Data from training process

In [None]:
# Visualization of Loss and Accuracy

# Plot Loss over epochs
plt.figure(figsize=(12, 5))
plt.subplot(1, 2, 1)
plt.plot(train_losses, label='Train Loss')
plt.title('Loss over Epochs')
plt.xlabel('Epoch')
plt.ylabel('Loss')
plt.legend()

# Plot Accuracy over epochs
plt.subplot(1, 2, 2)
plt.plot(train_accuracies, label='Train Accuracy')
plt.title('Accuracy over Epochs')
plt.xlabel('Epoch')
plt.ylabel('Accuracy (%)')
plt.legend()

plt.show()

Model final evaluation

In [None]:
# Evaluate on Test Data and Compute Performance Metrics

model.eval()
all_preds = []
all_labels = []
with torch.no_grad():
    for test_X, test_y in test_loader:
        outputs = model(test_X)
        _, predicted = torch.max(outputs.data, 1)
        all_preds.extend(predicted.cpu().numpy())
        all_labels.extend(test_y.cpu().numpy())

# Compute metrics
test_accuracy = accuracy_score(all_labels, all_preds) * 100
precision = precision_score(all_labels, all_preds, average='weighted', zero_division=0)
recall = recall_score(all_labels, all_preds, average='weighted', zero_division=0)
f1 = f1_score(all_labels, all_preds, average='weighted', zero_division=0)

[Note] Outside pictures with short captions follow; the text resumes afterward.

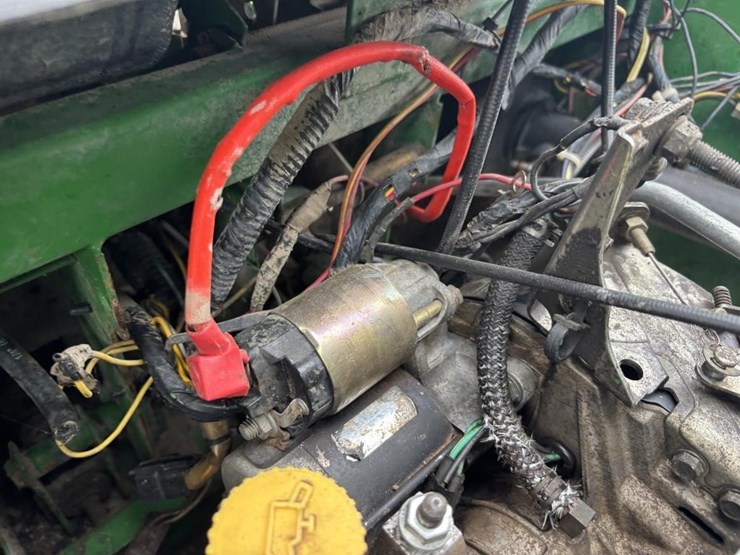 john-deere-gator-image-21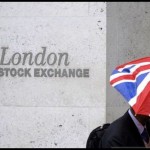 Seorang warga Inggris melintas di pintu masuk Bursa Efek London di London, Inggris. ANTARA/REUTERS/Peter Nicholls/am.-1673923759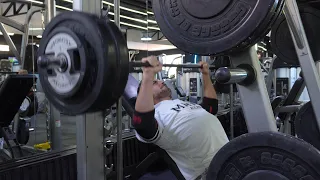 يوم 24 من رحلتي مع الهرمونات تمرين كتف وصدر 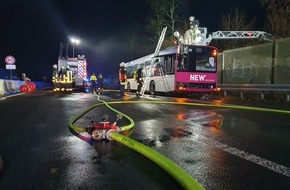 Feuerwehr Essen: FW-E: Busbrand - keine verletzten Personen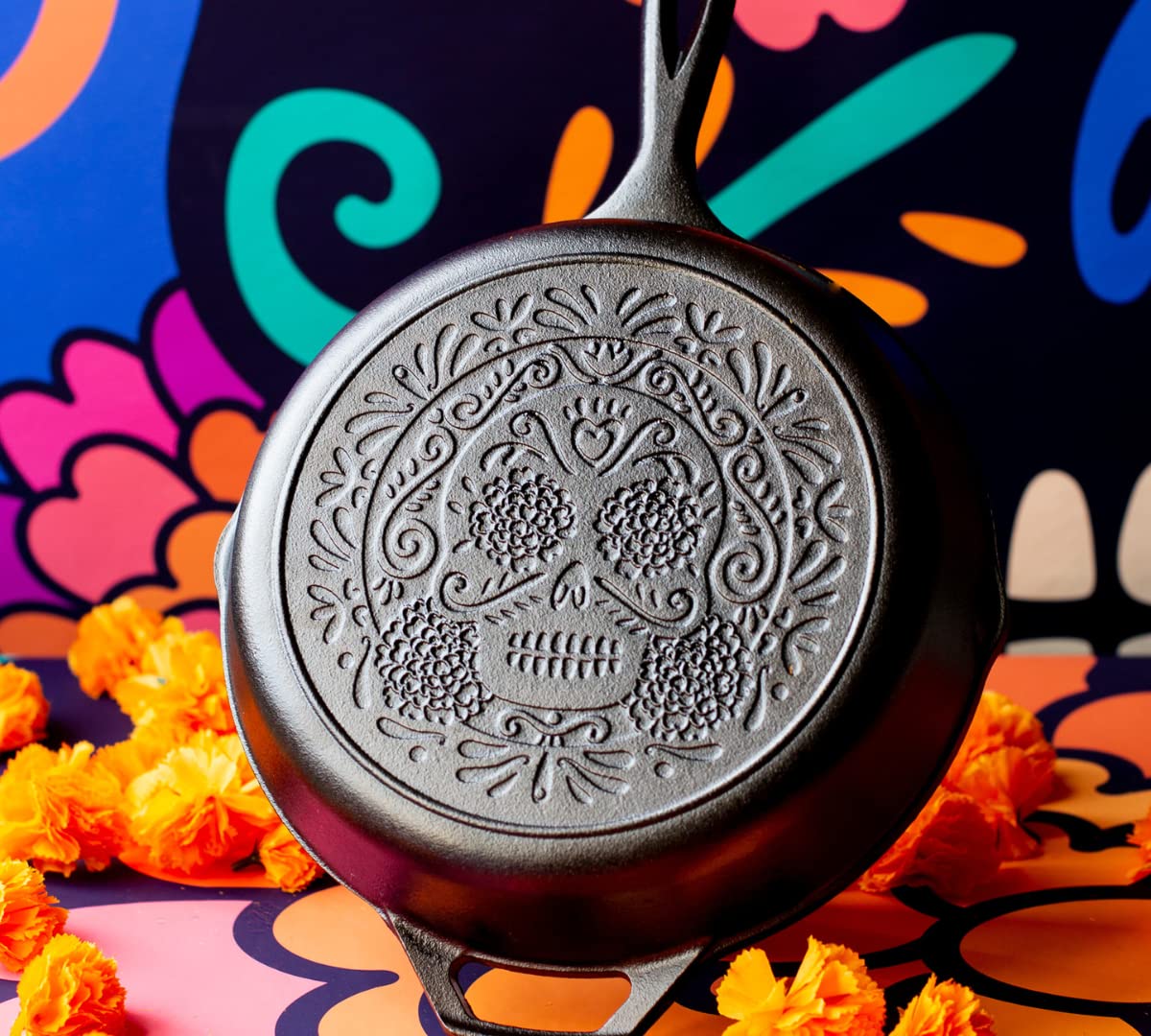 Sartén Lodge con grabado en relieve de calavera para recetas artísticas.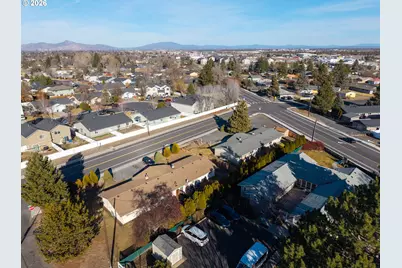 2412 SW Wickiup Ave, Redmond, OR 97756 - Photo 36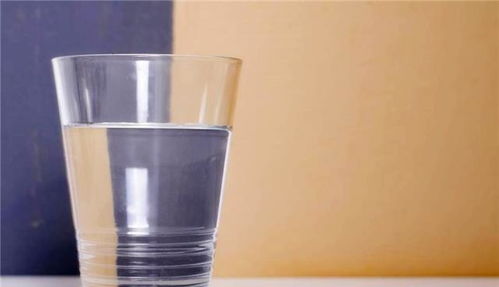 醉酒之后，喝白開水還是飲料醒酒快？今天來告訴各位答案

print(f'Test Accuracy: {test_accuracy:.2f}%')
print(f'Precision: {precision:.4f}')
print(f'Recall: {recall:.4f}')
print(f'F1 Score: {f1:.4f}')

Save the base model

In [34]:
# Save the trained model
torch.save(model.state_dict(), "base_model.pth")
print("Model saved as 'base_model.pth'")

Model saved as 'base_model.pth'